TASK PROMPT: Down to the final line, print the records below exactly and without pictures.

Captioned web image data
—————

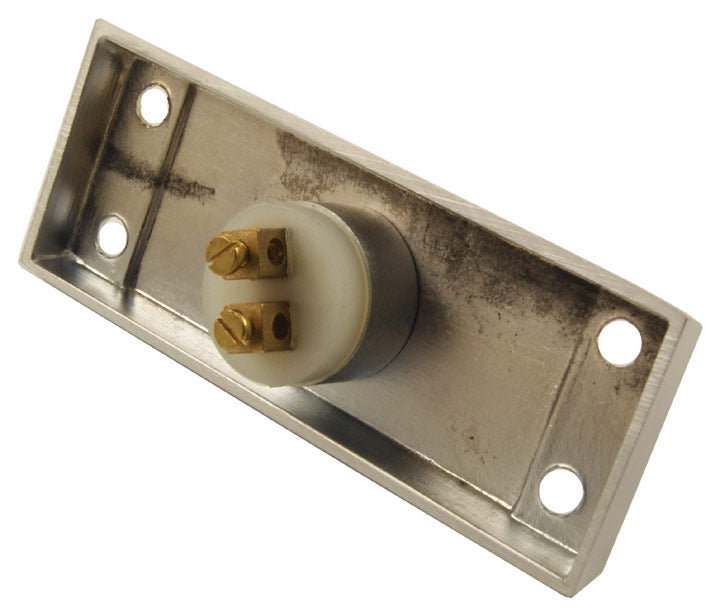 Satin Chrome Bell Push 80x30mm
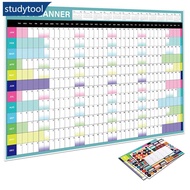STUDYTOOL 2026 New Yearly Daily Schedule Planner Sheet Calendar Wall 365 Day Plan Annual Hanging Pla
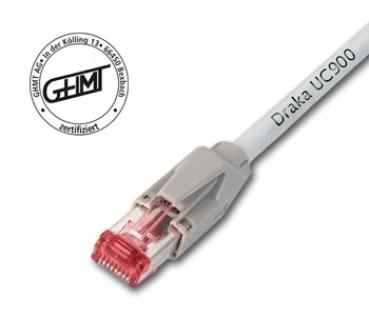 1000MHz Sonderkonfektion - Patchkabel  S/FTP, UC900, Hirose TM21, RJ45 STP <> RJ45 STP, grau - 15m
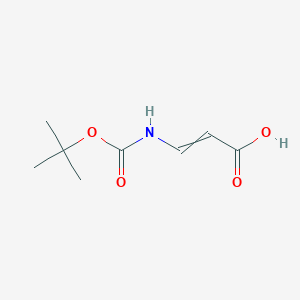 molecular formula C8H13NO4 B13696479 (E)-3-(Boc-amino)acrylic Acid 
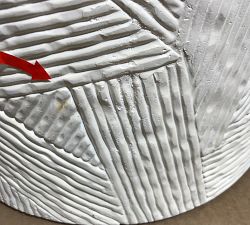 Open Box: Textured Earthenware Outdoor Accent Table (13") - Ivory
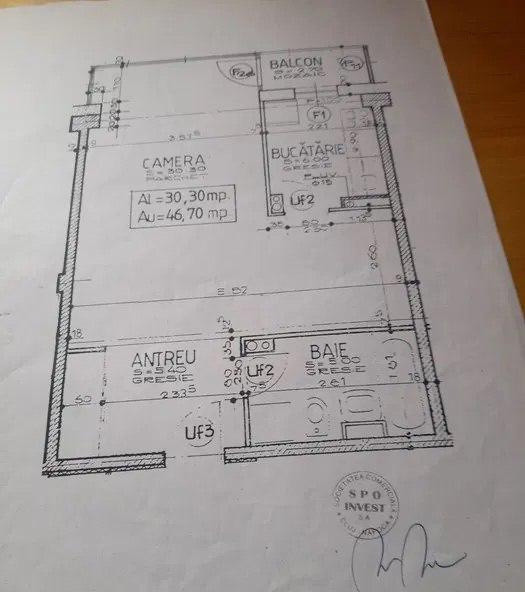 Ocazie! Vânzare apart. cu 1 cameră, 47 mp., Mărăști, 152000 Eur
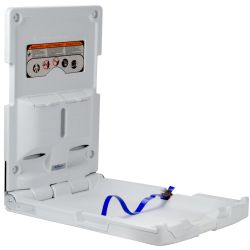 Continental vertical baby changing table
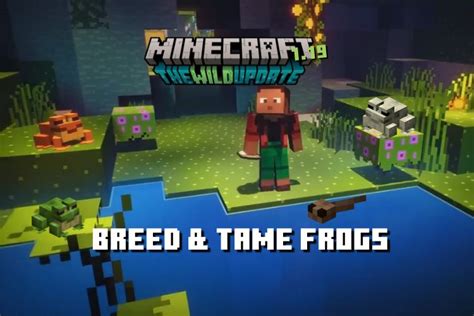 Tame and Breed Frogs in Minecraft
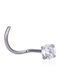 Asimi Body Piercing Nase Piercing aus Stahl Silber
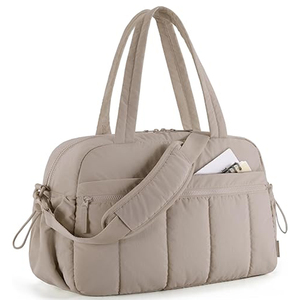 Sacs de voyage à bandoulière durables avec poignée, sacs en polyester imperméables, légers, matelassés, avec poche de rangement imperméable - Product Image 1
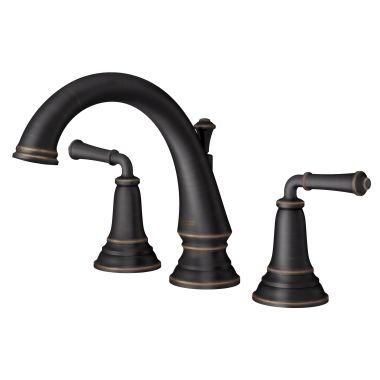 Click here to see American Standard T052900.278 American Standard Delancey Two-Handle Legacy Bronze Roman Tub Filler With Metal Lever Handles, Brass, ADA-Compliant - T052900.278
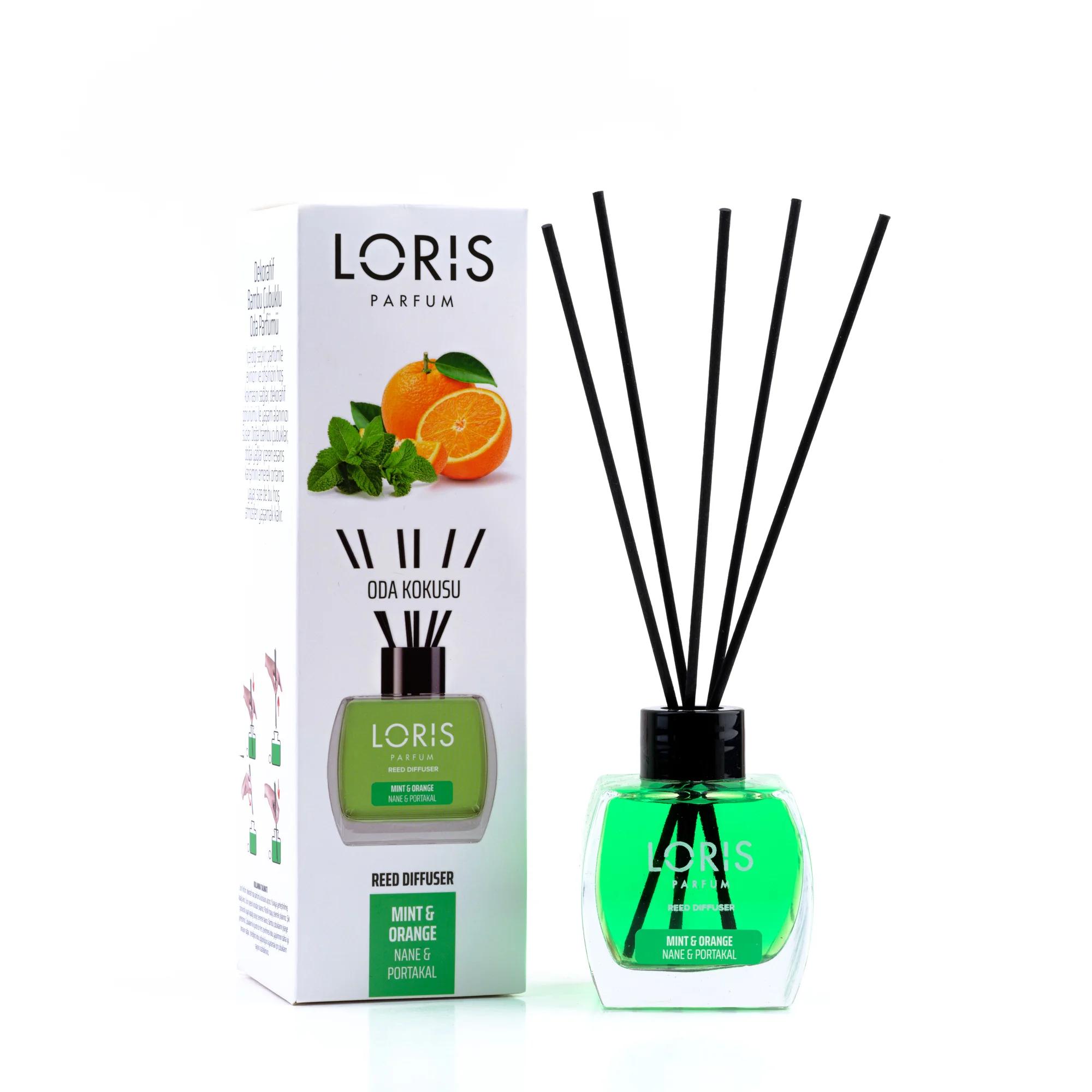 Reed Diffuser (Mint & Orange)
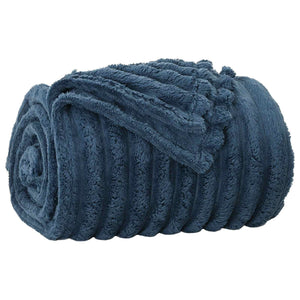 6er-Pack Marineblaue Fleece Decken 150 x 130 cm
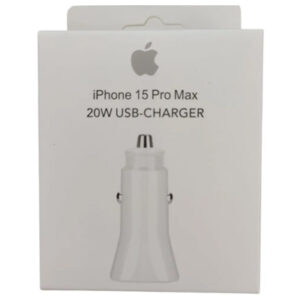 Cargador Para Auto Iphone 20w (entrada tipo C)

—————

RESULT OF THIS EXERCISE:
 Satin Chrome Bell Push 80x30mm
STUDYTOOL 2026 New Yearly Daily Schedule Planner Sheet Calendar Wall 365 Day Plan Annual Hanging Pla
 1000MHz Sonderkonfektion - Patchkabel  S/FTP, UC900, Hirose TM21, RJ45 STP <> RJ45 STP, grau - 15m
 molecular formula C8H13NO4 B13696479 (E)-3-(Boc-amino)acrylic Acid 
 Open Box: Textured Earthenware Outdoor Accent Table (13") - Ivory
 Ocazie! Vânzare apart. cu 1 cameră, 47 mp., Mărăști, 152000 Eur
 Continental vertical baby changing table
 Tame and Breed Frogs in Minecraft
 Asimi Body Piercing Nase Piercing aus Stahl Silber
 Sacs de voyage à bandoulière durables avec poignée, sacs en polyester imperméables, légers, matelassés, avec poche de rangement imperméable - Product Image 1
 Click here to see American Standard T052900.278 American Standard Delancey Two-Handle Legacy Bronze Roman Tub Filler With Metal Lever Handles, Brass, ADA-Compliant - T052900.278
 Reed Diffuser (Mint & Orange)
 6er-Pack Marineblaue Fleece Decken 150 x 130 cm
 Cargador Para Auto Iphone 20w (entrada tipo C)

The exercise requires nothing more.